BEGIN DATA RECORDS

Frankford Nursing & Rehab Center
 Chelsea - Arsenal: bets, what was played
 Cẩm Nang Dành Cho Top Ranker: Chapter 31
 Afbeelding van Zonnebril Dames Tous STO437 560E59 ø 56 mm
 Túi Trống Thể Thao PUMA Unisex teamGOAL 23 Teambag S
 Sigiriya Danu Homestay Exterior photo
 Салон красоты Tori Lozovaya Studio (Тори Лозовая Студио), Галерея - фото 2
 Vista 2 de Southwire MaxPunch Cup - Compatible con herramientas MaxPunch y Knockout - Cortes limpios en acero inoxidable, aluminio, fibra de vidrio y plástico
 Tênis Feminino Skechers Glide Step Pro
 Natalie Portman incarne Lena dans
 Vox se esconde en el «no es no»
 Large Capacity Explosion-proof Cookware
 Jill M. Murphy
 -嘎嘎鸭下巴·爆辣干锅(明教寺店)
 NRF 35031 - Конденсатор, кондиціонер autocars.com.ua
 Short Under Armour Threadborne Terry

END DATA RECORDS

* [ABOUT THIS EXERCISE] Your answer should be the lines from the one that contains "Afbeelding van Zonnebril" through the last line of the material, copied exactly.

* [ANSWER FOR THE TASK]
 Afbeelding van Zonnebril Dames Tous STO437 560E59 ø 56 mm
 Túi Trống Thể Thao PUMA Unisex teamGOAL 23 Teambag S
 Sigiriya Danu Homestay Exterior photo
 Салон красоты Tori Lozovaya Studio (Тори Лозовая Студио), Галерея - фото 2
 Vista 2 de Southwire MaxPunch Cup - Compatible con herramientas MaxPunch y Knockout - Cortes limpios en acero inoxidable, aluminio, fibra de vidrio y plástico
 Tênis Feminino Skechers Glide Step Pro
 Natalie Portman incarne Lena dans
 Vox se esconde en el «no es no»
 Large Capacity Explosion-proof Cookware
 Jill M. Murphy
 -嘎嘎鸭下巴·爆辣干锅(明教寺店)
 NRF 35031 - Конденсатор, кондиціонер autocars.com.ua
 Short Under Armour Threadborne Terry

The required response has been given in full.